NetlifyCMS: My Takeaway

Some pros and cons I encountered in retrofitting this website with NetlifyCMS, and why I think it's a keeper.
582 words — Approx. 3 minutes
Photo by Jonathan Hanna on Unsplash

I created and launched this iteration of my blog around this time last year. In the last year, I’ve been assessing how it’s been working for me and trying my best to keep it up to date in a timely manner.

Last night, I finally added the ability to add and change entries from a UI. A little while ago, I decided I didn’t really like having to pull up my personal machine and write markdown (without help) to get a new entry up. I also really wanted to create entries from my phone. I worked on assessing using the Gitlab UI to change entries, but it was pretty unusable on my phone. It was the same story on Github, though that felt a little more usable. I also didn’t want to migrate to using WordPress, Contentful, or GraphCMS on the back end, because all of those options would have been a much larger lift.

Additionally, when I originally built this blog, it was running on TinaCMS. However, I soon found out that TinaCMS was still building the entire CMS on the production site and dragging my site’s performance. After I did some more searching for lightweight CMSs, hearing good things, and seeing pretty thorough documentation, I started looking into NetlifyCMS.

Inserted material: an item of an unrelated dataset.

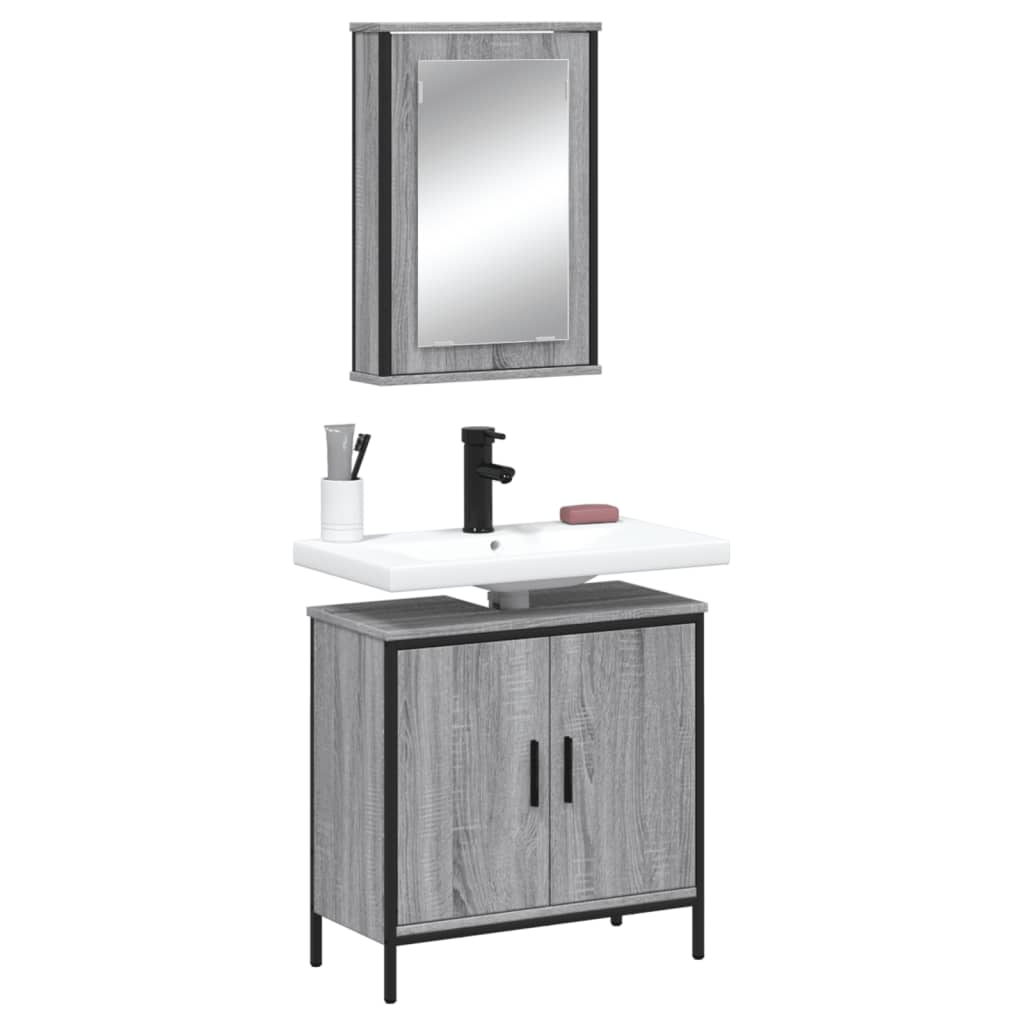 Set Mobilier De Baie, 2 Piese, Stejar Fumuriu, Lemn Prelucrat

Essentially, the way NetlifyCMS works is that it connects its admin panel running on your site to your code repository. From there, it creates commits with your new entries. If you have automatic deploys enabled, your new entry can show up right away. If you have post moderation turned on—like I do—the new posts show up as pull requests, which are merged or closed if you publish or delete, respectively. Additionally, if you have deploy previews turned on, NetlifyCMS will give you a preview link for that entry. Frankly, if this didn’t already exist, I’d be looking for a way to write it myself.

The process now is much smoother than it was. I’m finding that I can write entries more effectively and even on my lunch break.

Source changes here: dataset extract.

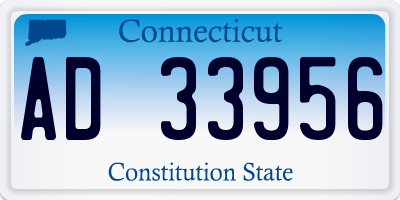 CT license plate AD33956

That said, I do have a couple of things I want to change:

  • I want to work on trying to customize the post editing UI to make it a little easier to work with and possibly contribute back.
  • The documentation on images in NetlifyCMS with Gatsby were not entirely clear, so I want to write a more detailed entry on how my setup works.
  • This is just a natural part of how this process works, but I don’t have the ability to schedule posts. So when one goes live, it’s likely because I pushed the button 5 minutes prior. (This is not a negative mark on NetlifyCMS, Netlify, or Gitlab. This is something I would have to make the time to implement.)

Either way, this is a huge quality of life improvement and I have to recommend it to folks who want to host on Netlify but also want a way to change the site from anywhere. I’m definitely intrigued enough to start possibly writing some plugins or enhancements, especially to the interface.

Bonus: I also installed the Gatsby cache plugin to my Netlify instance to enhance my ability to see quick previews and not rebuild everything on my site every time. I can happily say that builds have gone from an average of 3 minutes to under 1 minute! 🤯

Thank you so much to Netlify and NetlifyCMS for great products and support! I can’t recommend these two enough.